As Landau observes, effective implementation of social and economic rights for the least advantaged faces formidable obstacles. Many of the world’s poorest nations have severely limited internal economic resources. Political obstacles are substantial even when resources are available, or could be made available through tax increases. Those already advantaged typically have a favored position in national politics, allowing them to block redistributive initiatives (whether from the legislature or from the courts). The least advantaged may be quite numerous, but they face resource constraints in mobilizing politically or in litigation. The prospects for achieving substantial improvements in the material conditions of the least advantaged through political or judicial action are inevitably small. One might think that judicial resources should be husbanded for use in the most favorable conditions for enforcing social and economic rights.

Yet, Landau persuasively argues, individual actions are likely to provide social and economic rights primarily for those in the middle classes, not for the least advantaged. The reason is that those in the middle classes are more likely than the least advantaged to have the ability to mobilize the legal system in an individual action. Negative injunctions have a limited impact as well. They can protect against the erosion of existing conditions. Negative injunctions can sometimes freeze the status quo to benefit the least advantaged, as in cases where the homeless and internally displaced persons have taken over unoccupied property as their homes. But, again structurally, the status quo is almost by definition unfavorable to the least advantaged.

That leaves weak-form review and structural injunctions as candidates for remedial forms to enforce social and economic rights for the least advantaged. Drawing on a study of Colombia jurisprudence (broadly understood) in cases involving internally displaced populations, Landau argues that structural injunctions have been more successful there than weak-form relief has been in South Africa.

Landau’s article advances our understanding of the remedial issues he discusses. But, I believe that there are some conceptual matters that require additional exploration. (Landau argues that the Colombian displaced persons litigation has been reasonably successful, and for purposes of this comment I accept that characterization, though with qualifications I note below.)

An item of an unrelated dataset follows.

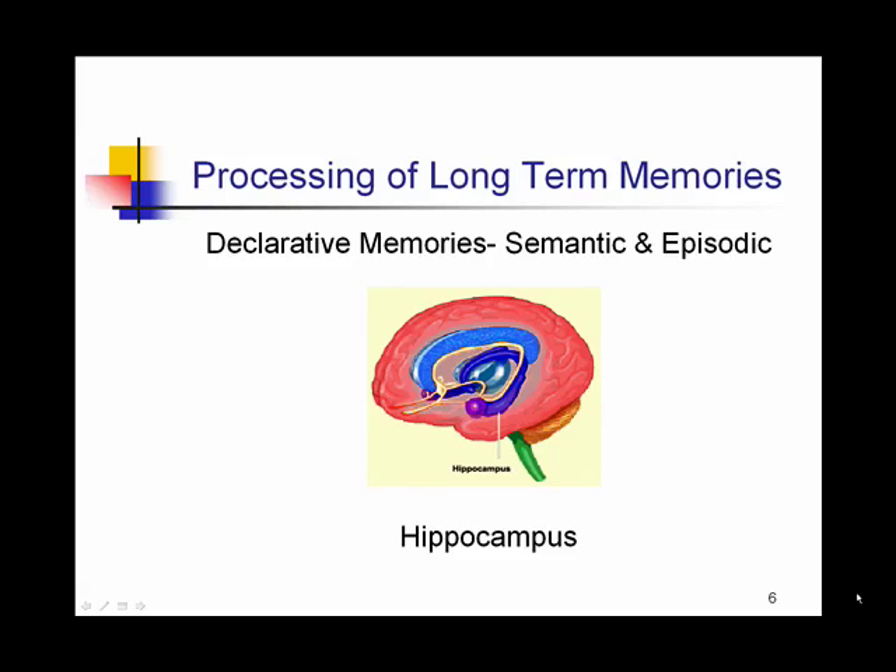Long-term memories, particularly declarative memories, are processed by a part of the brain known as the hippocampus. That is also the same part of the brain that is used to help retrieve those types of memories.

The conceptual difficulties with assessments like Landau’s are temporal and causal. One temporal difficulty in assessing remedial outcomes is clear: We need some metric to determine how long we should wait before evaluating a remedy’s success, and we need some metric to measure success. Landau uses “improvement in material conditions” as his metric. But, improvement comes in degrees, and we need some standard for determining when an improvement is “enough” to count as a success. Landau treats the improvements in conditions of displaced persons along some dimensions – health and education – as “enough” even though improvements along other dimensions appear to have been small. The Grootboom case, which Landau (with others) characterizes as a failure of weak-form review, produced some acceleration in the provision of housing for those in desperate need – the remedy’s target – even though Mrs. Grootboom and those she represented in the litigation never obtained replacement housing. Why was the acceleration not “enough”?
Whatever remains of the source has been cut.